History and Future of Peace Corps Programming in South Africa
Peace Corps/South Africa focuses on two main areas of vital need: education and NGO development. Within these areas, projects have evolved based on project assessments and the needs of the government, organizations, and communities with which we work. Currently, Volunteers are working in the Limpopo, Mpumalanga, North West, Northern Cape and Kwa Zulu Natal provinces.
Peace Corps/South Africa began implementing its school and community resource project in 1997. Volunteers work with district and circuit educational offices to instill a culture of learning, teaching, and service in schools and disadvantaged communities. To be most effective, this project operates in predominantly black, rural primary schools in villages and townships.
Each school resource Volunteer works with a cluster of three or four schools serving 40 to 50 teachers and administrators. Volunteers are placed at the primary school level, where they facilitate the understanding and skills of teachers involved in the continued rollout of the new national outcomes-based curriculum, aid school management teams in building capacities related to effective administration, and seek to creatively involve parents and community members in a mutually reinforcing relationship with schools. In addition, school resource Volunteers are involved in activities to help their communities, such as environmental projects, HIV/AIDS education, computer training, income-generating projects, and youth development.

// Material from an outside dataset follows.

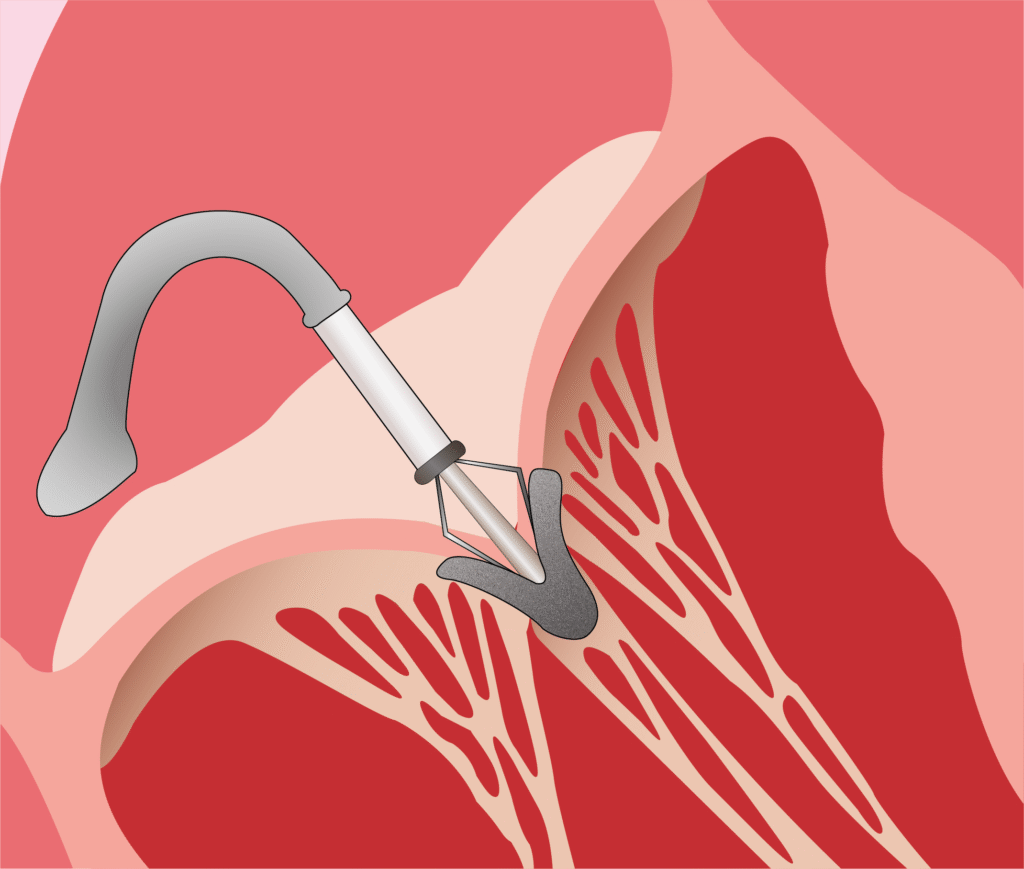 Structural heart procedure - ASD closure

The NGO capacity-building project began in 2001 in response to the growing challenges that HIV/AIDS poses for the South African government and civil society. This project offers a unique opportunity to play a significant role in the development of peri-urban South Africa, putting Volunteers at the forefront of the country’s response to the epidemic. Volunteers are placed with NGOs in all four provinces to provide HIV/AIDS services at the grassroots level.
The goal is to help these organizations become more effective and sustainable while increasing the provision of HIV/AIDS services to communities in need. Volunteers provide advice to NGOs on how to improve the quality and effectiveness of their programs and services, mentor NGO staff, and introduce or strengthen creative approaches to resource identification and mobilization.